Constructing a POUR Website


All forms of communication require input into the brain via at least one of the senses of the body. The Internet is a medium of communication providing access to knowledge and processes through electronic means. The most relevant senses in this context are sight, hearing, and touch. (Other animals have learned elaborate communication systems through taste and smell, but we humans are comparatively deficient in that department. Besides, tastes and smells are harder to transmit electronically.)

Any discussion of web accessibility is based upon the assumption that people need to be able to perceive web content. They need to be able to input the information into their brain so that they can process it. If the information cannot get into the brain, it is inaccessible. As obvious as that statement may sound, it is a principle which is frequently ignored by developers. Too many sites contain web content that cannot even be perceived by some of the people who would like to access it.

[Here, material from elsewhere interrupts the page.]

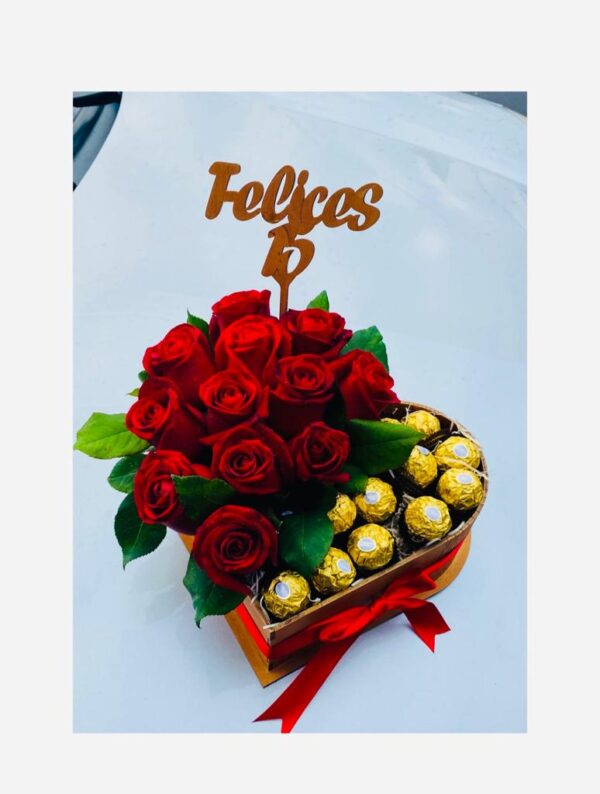 Corazon de Rosas Importadas + Bombones `+ Topper " 15 Años"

People with full use of their vision are able to read text, view images, understand the visual cues afforded by web page layouts, understand the symbolic meaning of colors in certain cultural contexts (as with red and green street lights, or blue and pink baby clothing), and in general can use their eyes to make sense of information that is presented to them. This mode of perception—from the eye to the brain—is powerful, and Web developers should take full advantage of its communicative strengths. Visual perception is especially important to individuals who lack one of the other main communicative senses, such as people who are deaf. For such individuals, their remaining senses take on heightened importance.

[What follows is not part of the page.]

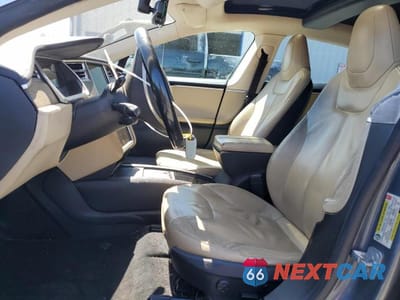 Zdjęcie 7 z 12 samochodu: 2012 TESLA MODEL S VIN:5YJSA1DN2CFP01548 - miniatura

However, there are people who cannot take full advantage of this mode of communication. Some people have no vision at all. Others have a limited amount of vision. For these individuals, other modes of communication are necessary. In some cases this means that information must be converted into a format which they can more easily perceive, such as an audio format. Assistive technologies can perform this conversion, but only if the content is designed with accessibility in mind.

See also Visual Disabilities.


Oral conversations between people are a daily occurrence. People talk at home, in the office, on the phone, and, increasingly, on the Internet. The Internet enables people to engage in voice chats, to leave voice messages, to watch videos, to hear music, to listen to web radio broadcasts, and to participate in numerous other kinds of audio interactions with other people or with electronic content prepared by other people. The number and kinds of audio interactions will only increase as Web technologies mature and proliferate.

Technologies and methods exist for making audio information available to people who cannot hear it. These technologies and methods cannot help anybody though unless someone actually uses them to make the information accessible to people who cannot hear it.

See also Auditory Disabilities.


For most people, touch is not their main form of communication. For them, touch may have relevance for indirect expressions of solidarity, as in romantic relationships (physical intimacy), among friends (hugs, high-fives, handshakes), with children (rocking babies to sleep, holding children when they're scared), and other situations that communicate emotions but which do not directly communicate information per se.

For individuals who have neither sight nor hearing, touch is the most important form of communication of all. Interpersonal communication is possible through sign language, in which two people use their hands to feel each other's gestures, signed language, and body movements. The fingers can be used to perceive textual information printed in Braille formats. In fact, refreshable Braille devices can convert text into Braille output for use on the web.

For more information, read the Screen Readers section of the Blindness article.


Since not everyone has the same abilities or equal use of the same senses, one of the main keys to accessibility is ensuring that information is transformable from one form into another, so that it can be perceived in multiple ways. Text can be transformed into audio and into Braille by the assistive technologies used by people with disabilities. Audio can be transformed into text, but this must be done before it reaches the user, because technologies to automatically convert audio to text are usually unreliable and not commonly available to users who might need them. Graphics, animations, and videos are similar to audio in the sense that developers must provide the text alternative to users.

Overall, text is the most easily and most universally transformable format. However, this does not mean that web accessibility means an end to all non-text elements. On the contrary, the non-text elements in many cases are crucial to accessibility, as explained in Text-only Versions.

The take-home message is that the information must be perceivable somehow. That is the first step to accessibility upon which all others are based, and without which accessibility cannot happen.

Content vs. Style and Presentation

The main content should be separable from the way it is styled or presented. Even though styling can enhance the user experience, and in some cases even improve comprehension, the main message should not depend on the mode of presentation. Semantic structure and meaning should be independent of the "look and feel." This is important because not all users will be able to perceive the presentational look and feel aspects of web content. When the presentation is disabled, the web content should still be able to communicate its message effectively.

See Creating Semantic Structure for more information.

In addition, background colors, graphics, and sounds should not interfere with the content. If the main content is presented in an audio format, background sounds should not obscure the message. Content presented in a visual format should likewise be distinguishable from extraneous stylistic visual elements. Text should be distinguishable from its background.